(PROBLEM STATEMENT)
Pictures aside, repeat the listing below exactly.

(MATERIAL PROVIDED)
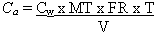 C sub a equals C sub w times MT times FR times T divided by V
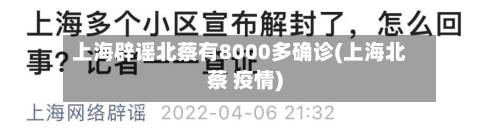 上海辟谣北蔡有8000多确诊(上海北蔡 疫情)-第1张图片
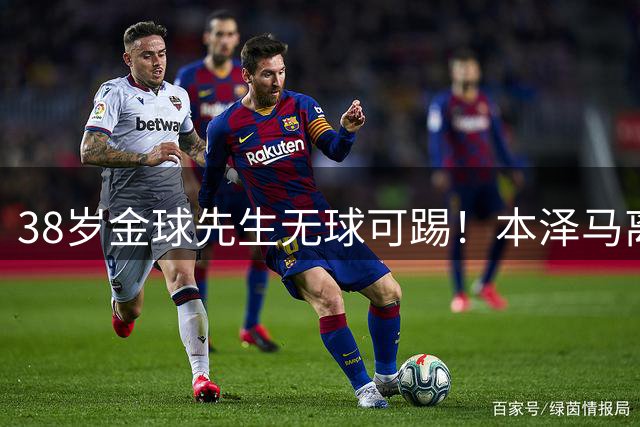 38岁金球先生无球可踢！本泽马离开利雅得新月成自由身，英超、沙特、土耳其三方混战抢人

(SOLUTION)
 C sub a equals C sub w times MT times FR times T divided by V
 上海辟谣北蔡有8000多确诊(上海北蔡 疫情)-第1张图片
 38岁金球先生无球可踢！本泽马离开利雅得新月成自由身，英超、沙特、土耳其三方混战抢人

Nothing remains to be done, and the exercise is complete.